If $f$ is finite flat of degree $d$, then $f \times f \colon X \times X \to Y \times Y$ has degree $d^2$, but $\Delta_f \colon \Delta_X \to \Delta_Y$ has degree $d$. So equality cannot hold scheme-theoretically unless $f$ is an isomorphism.

A fairly explicit case is the finite étale Galois case, where $(f \times f)^{-1}(\Delta_Y)$ is the disjoint union of the graphs $\Gamma_\sigma$ of deck transformations $\sigma \colon X \to X$.

If $f$ is only étale but not Galois, then $(f\times f)^{-1}(\Delta_Y)$ will be smooth and $\Delta_X$ is still a connected component, but the other components will not map isomorphically onto $X$ under their projections.

If $f$ is generically étale (i.e. separable), then there is a dense open $U \subseteq Y$ above which the above holds, so $(f \times f)^{-1}(\Delta_Y)$ is still generically smooth (i.e. geometrically reduced).
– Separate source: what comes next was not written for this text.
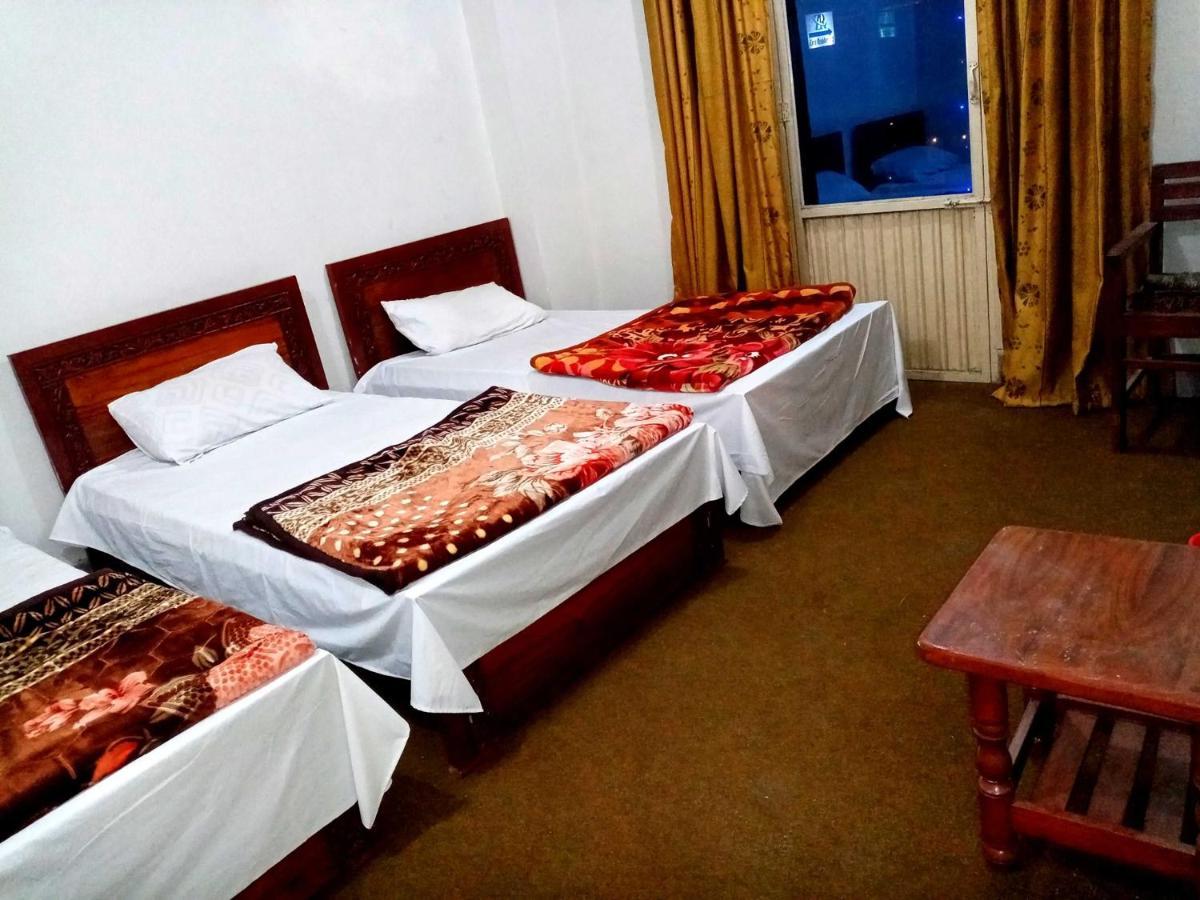 Tour De Swat Hotel Saidu Sharif Екстериор снимка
But for each component of the branch divisor $D \subseteq Y$, there will be another irreducible component of $(f \times f)^{-1}(\Delta_Y)$ intersecting $\Delta_X$ above $D$.

In the inseparable case, you get situations where $\Delta_X$ occurs with multiplicity $>1$, but that only happens in positive characteristic.